The biodiversity emergency

A note from the editor

Dinyar Godrej

Nature’s restoration

Probably by mistake, a tiny bird flies up to my balcony in the busy, restless city and looks me in the eye. Is it sheer sentimentality that floods me with joy? Why does it feel like a visitation?

I haven’t taken the train anywhere in months due to the Covid-19 pandemic and I find myself filled with irrational longings for the inquisitive, iridescently speckled starlings that used to dart about my feet at the station, threading the cavernous space with their silvery song.

Many of us who live in urban areas feel a periodic yearning, an ache sometimes, for the wild. Even a cultivated green space becomes a refuge from daily stresses. And the scientific knowledge is piling up about all the ways simply being in nature helps our mental health, our immune systems, our wellbeing.

Nature restores, but is itself in need of restoration. Due to our constant commodification of the natural world we are erasing huge chunks of its awe-inspiring variety and damaging ourselves in the process.
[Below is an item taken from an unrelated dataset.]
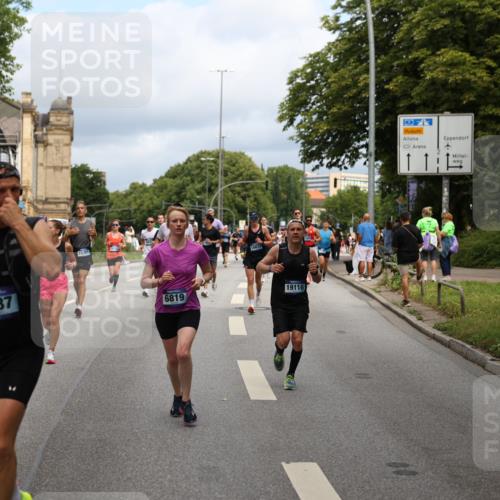 29.06.2025 - hella hamburg halbmarathon Yannick Fuchs http://msf.ph/oto/8163888 29.06.2025 10:39:52 20KM 2188, 2270, 2367, 2470, 2707, 3056, 3186, 4277, 4854, 5623, 5648, 5706, 6054, 6071, 6819, 6831, 7056, 7087, 7385, 7709, 8374, 9105, 9585, 9710, 9720, 10741, 11291, 11688, 11821, 12643, 12783, 13919, 14374, 14385, 14764, 15365, 15563, 15636, 15651, 16513, 16617, 16725, 17544, 17960, 18055, 18185, 18346, 18407, 18637, 18638, 18862, 18878, 19116 meine-sportfotos.de
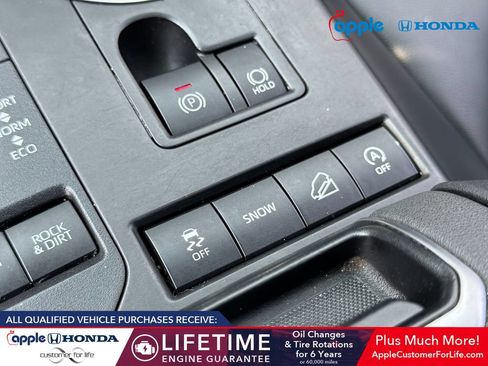 Used 2021 Toyota Highlander XLE AWD/4WD image 29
This edition’s Big Story amplifies some of the concerns of those who live closest to nature, while attempting to get to grips with the complex challenges involved if we want to stop biodiversity’s catastrophic decline. In the words of author Lucy Jones, we can no longer view nature as ‘a luxury, an extra, a garnish’.

Our continuing Food Justice series dovetails into the biodiversity theme with articles on the virulent consequences of Big Agriculture and forest farming in Ethiopia, a country in the news for reasons of conflict. Elsewhere we report on relatives’ agonizing search for Syria’s missing and what Finland has done to make its citizens so content.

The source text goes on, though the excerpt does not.